──────── Given data ────────
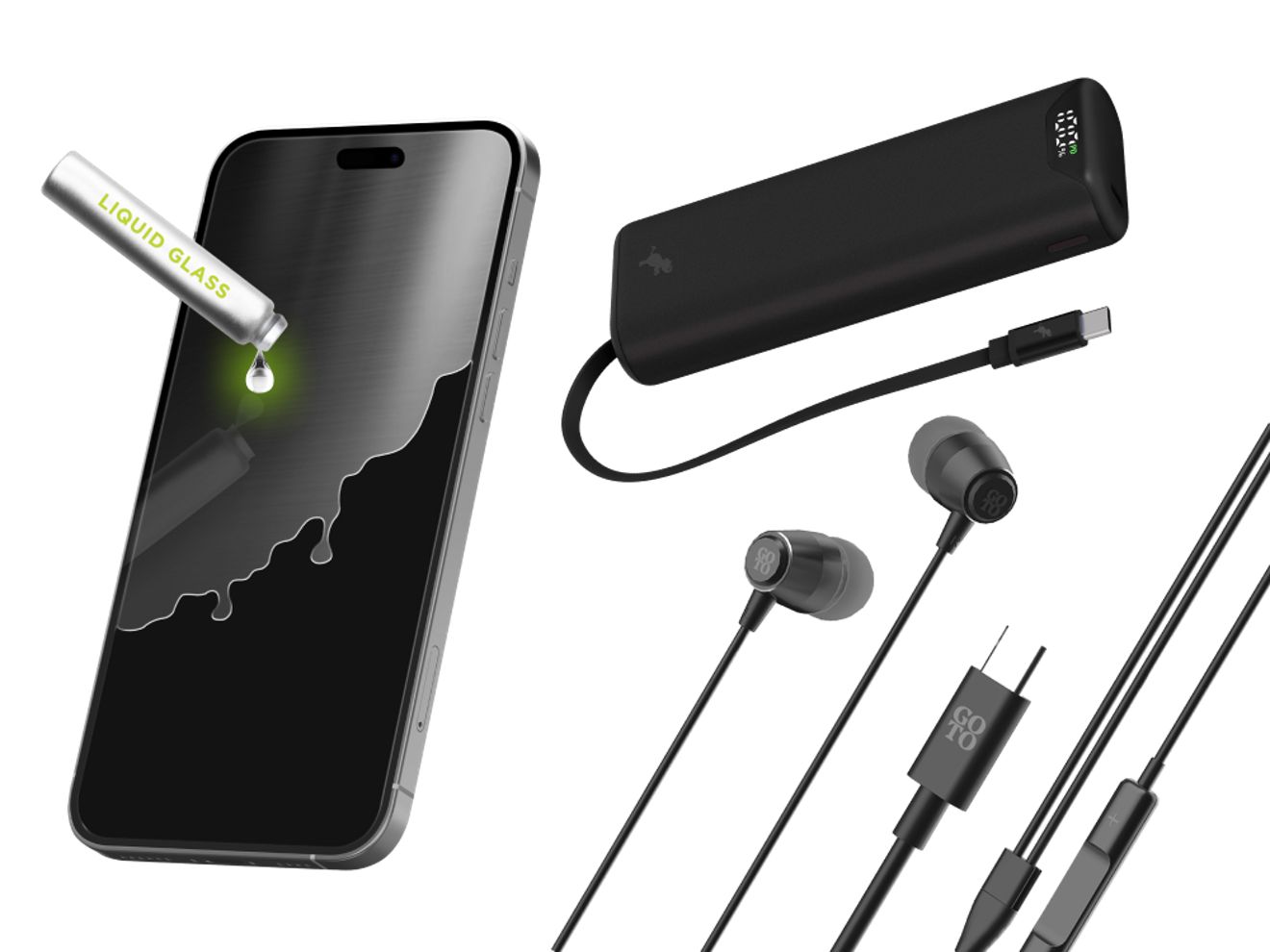 Los audífonos con cable GoTo USB-C, el Nimble CHAMP Stretch 10K con cable retráctil y el PureGear Liquid Glass todos juntos.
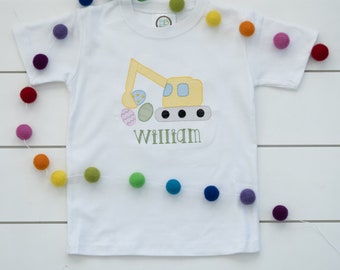 Boy’s Easter Truck Shirt //  Easter Construction Truck Bodysuit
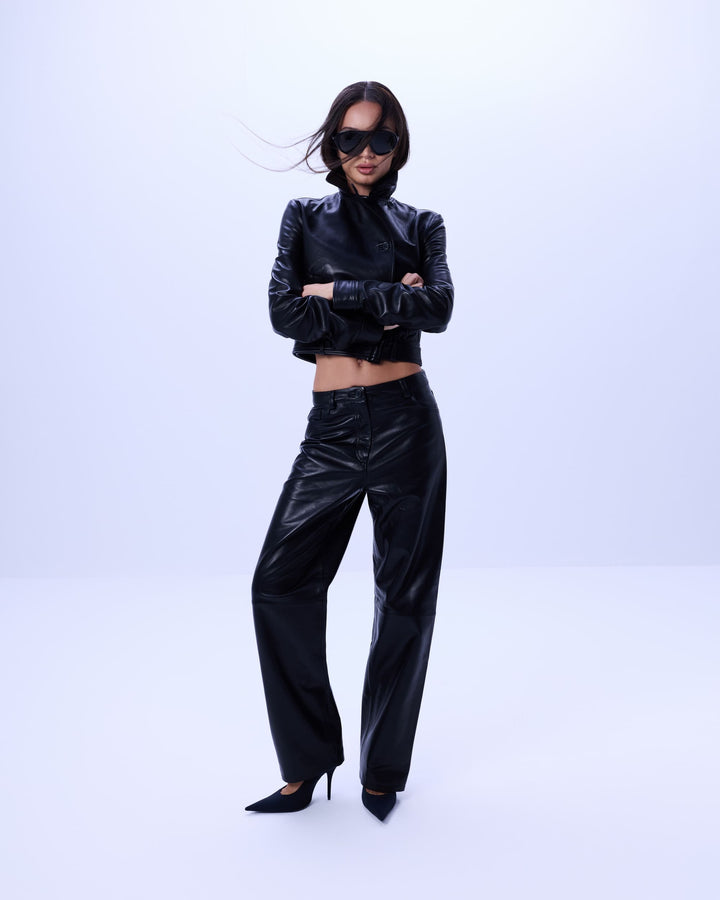 Noir leather straight-leg pants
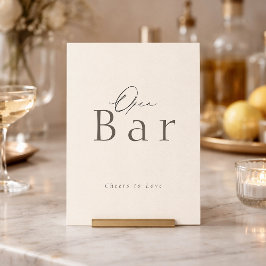 Elegantes Taupe Willkommensschild für die offene B Einladung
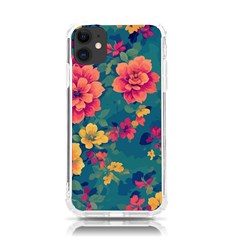 Floral Art Flowers Textile Iphone 11 Tpu Uv Print Case by Ravend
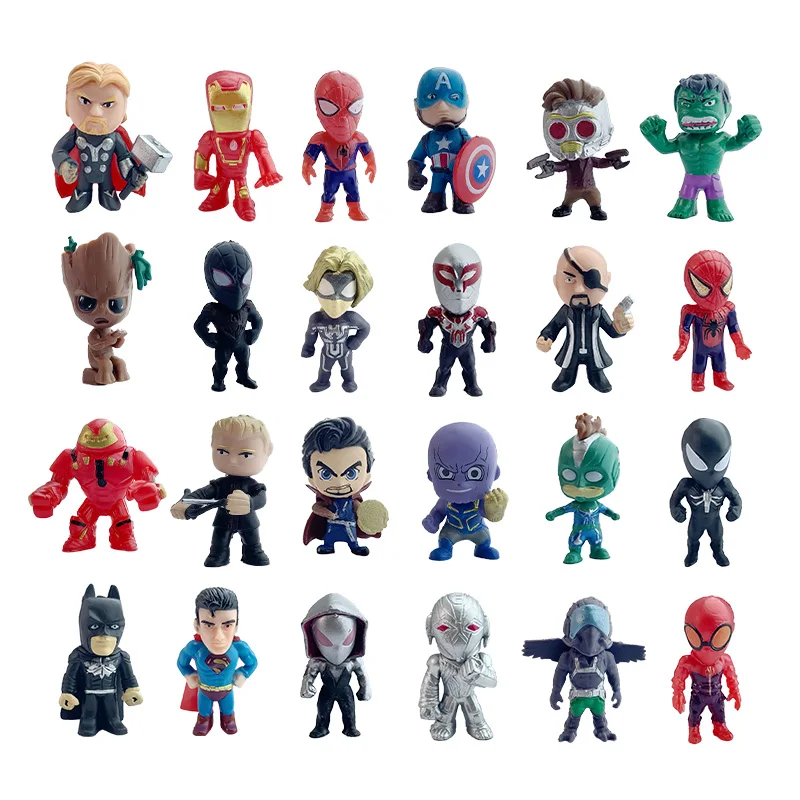 24 Uds figura de Disney mini caja de calendario de Adviento de Marvel figuras de Anime de Los Vengadores Spider Iron Man Hulk juguete niños regalo de Navidad 2025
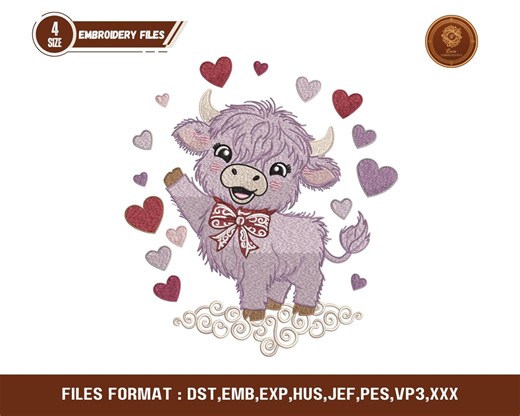 Baby Highland Cow Embroidery Design for Machine Embroidery, Cute Cow Applique Pattern, Valentine Animal Embroidery File, Nursery Decor - Etsy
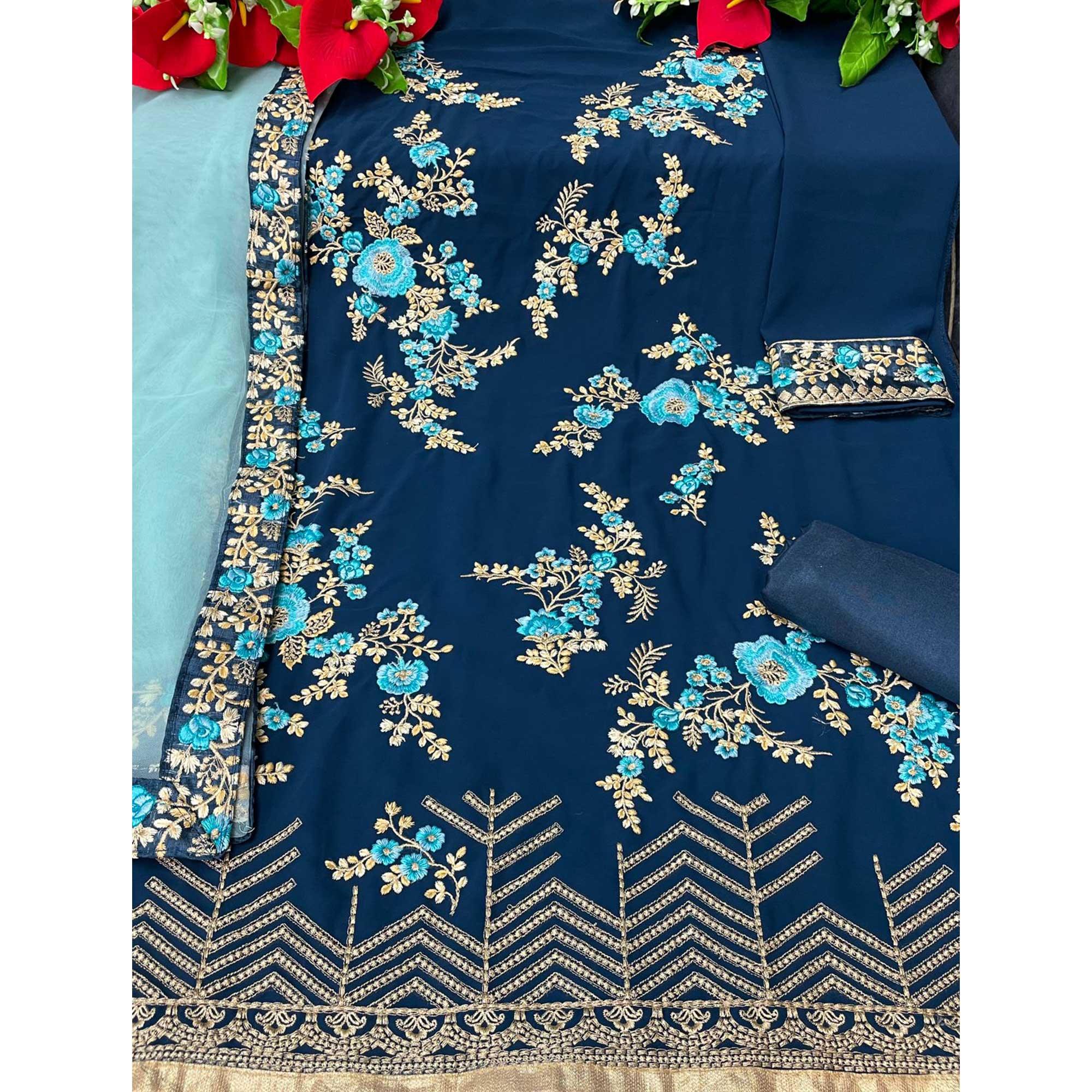 Sea Green Partywear Embroidered Faux Georgette Salwar Suit - Peachmode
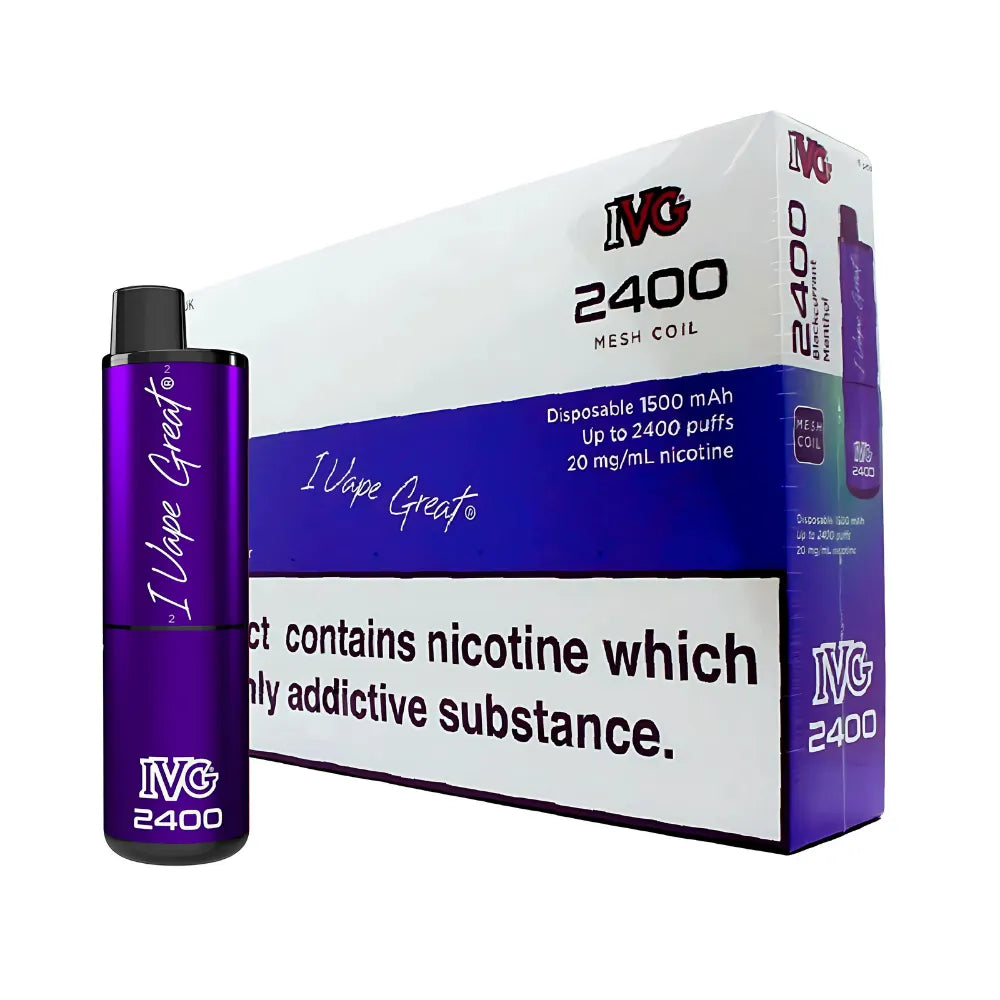 Blackcurrant Menthol IVG 2400 Puff Disposable Vape 5 Pack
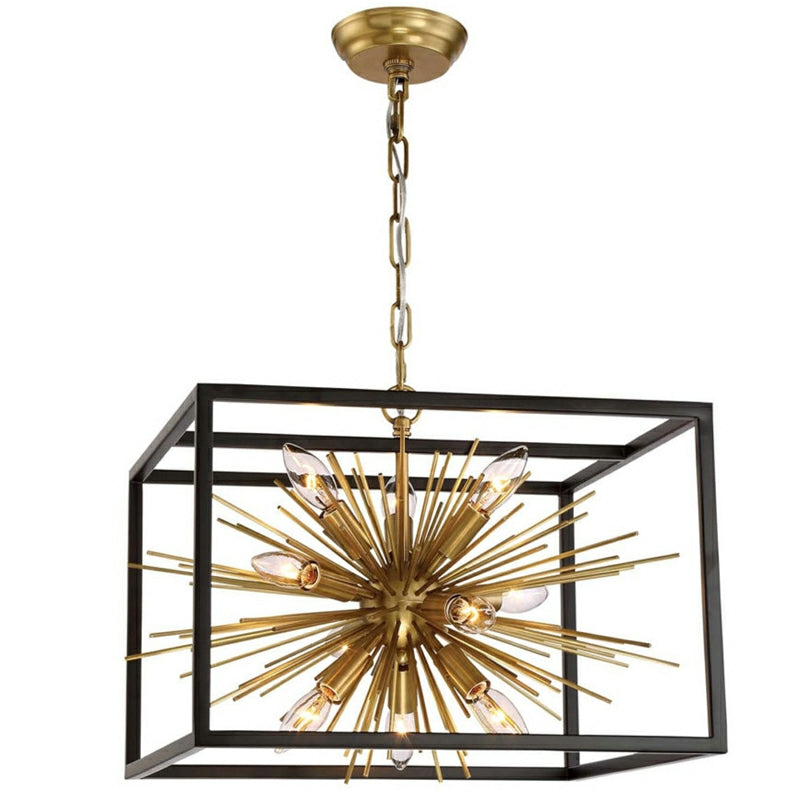 Gold Sputnik Living Room Chandelier Cage Ceiling Pendant Light Fixture L19.7"*W19.7"*H13.8"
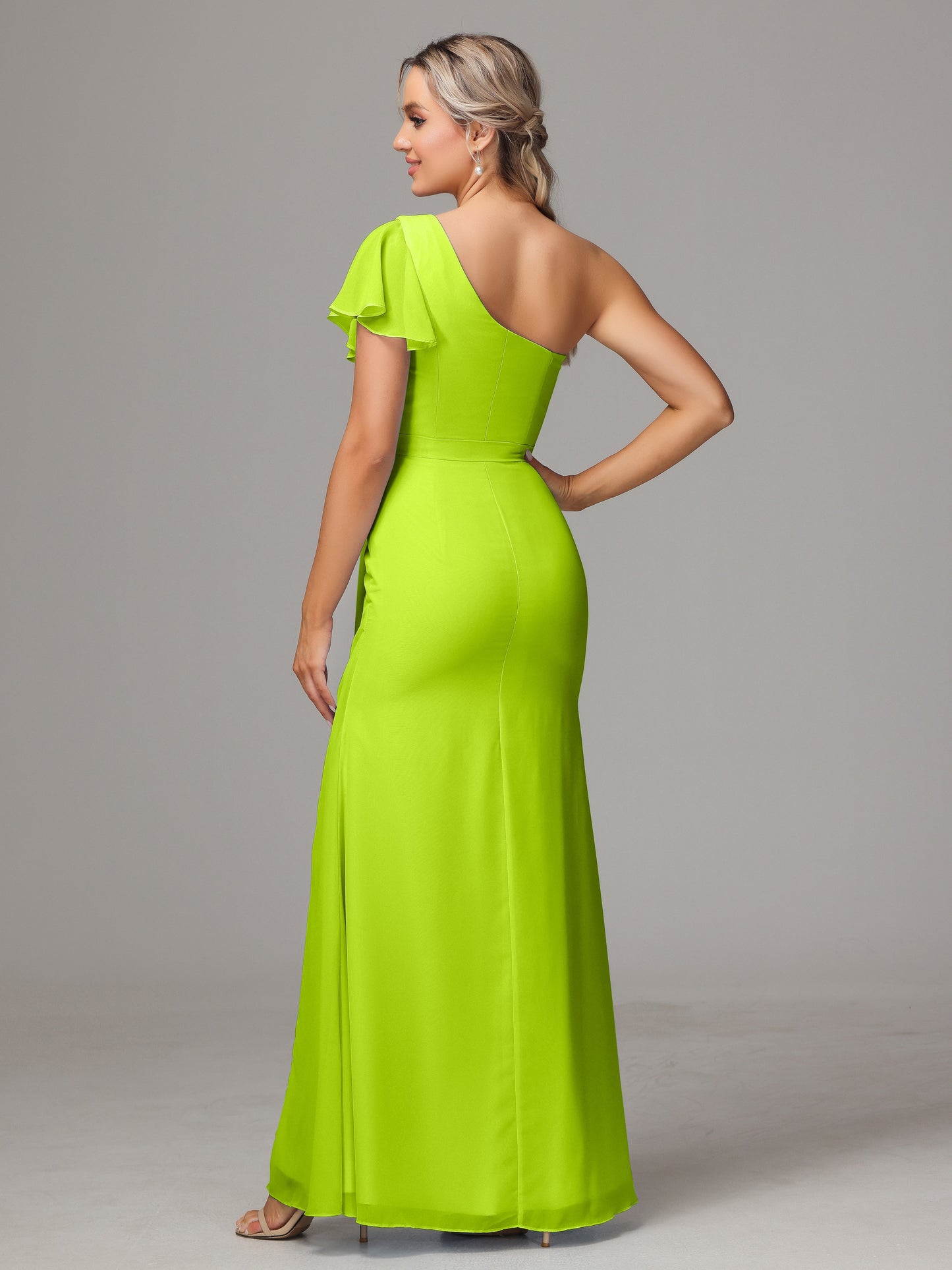One Shoulder With Slit Chiffon Bridesmaid Dress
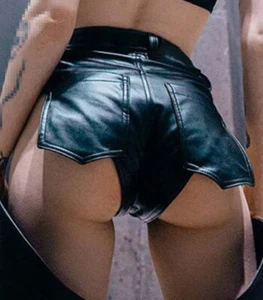 Mädchen hohe Taille Mini Hose Tanga Shorts PU einfarbig Cosplay Freizeit Höschen #8171 - Bild 1 von 12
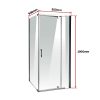 Shower Screen Framed Safety Glass Pivot Door By Della Francesca – 900 x 900 x 1900 mm, Chrome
────────
**Description of the task:** Output must match the lines from the start of the records above through the line that contains "Blackcurrant Menthol IVG", exactly and with every picture removed.

**Expected output:**
 Los audífonos con cable GoTo USB-C, el Nimble CHAMP Stretch 10K con cable retráctil y el PureGear Liquid Glass todos juntos.
 Boy’s Easter Truck Shirt //  Easter Construction Truck Bodysuit
 Noir leather straight-leg pants
 Elegantes Taupe Willkommensschild für die offene B Einladung
 Floral Art Flowers Textile Iphone 11 Tpu Uv Print Case by Ravend
 24 Uds figura de Disney mini caja de calendario de Adviento de Marvel figuras de Anime de Los Vengadores Spider Iron Man Hulk juguete niños regalo de Navidad 2025
 Baby Highland Cow Embroidery Design for Machine Embroidery, Cute Cow Applique Pattern, Valentine Animal Embroidery File, Nursery Decor - Etsy
 Sea Green Partywear Embroidered Faux Georgette Salwar Suit - Peachmode
 Blackcurrant Menthol IVG 2400 Puff Disposable Vape 5 Pack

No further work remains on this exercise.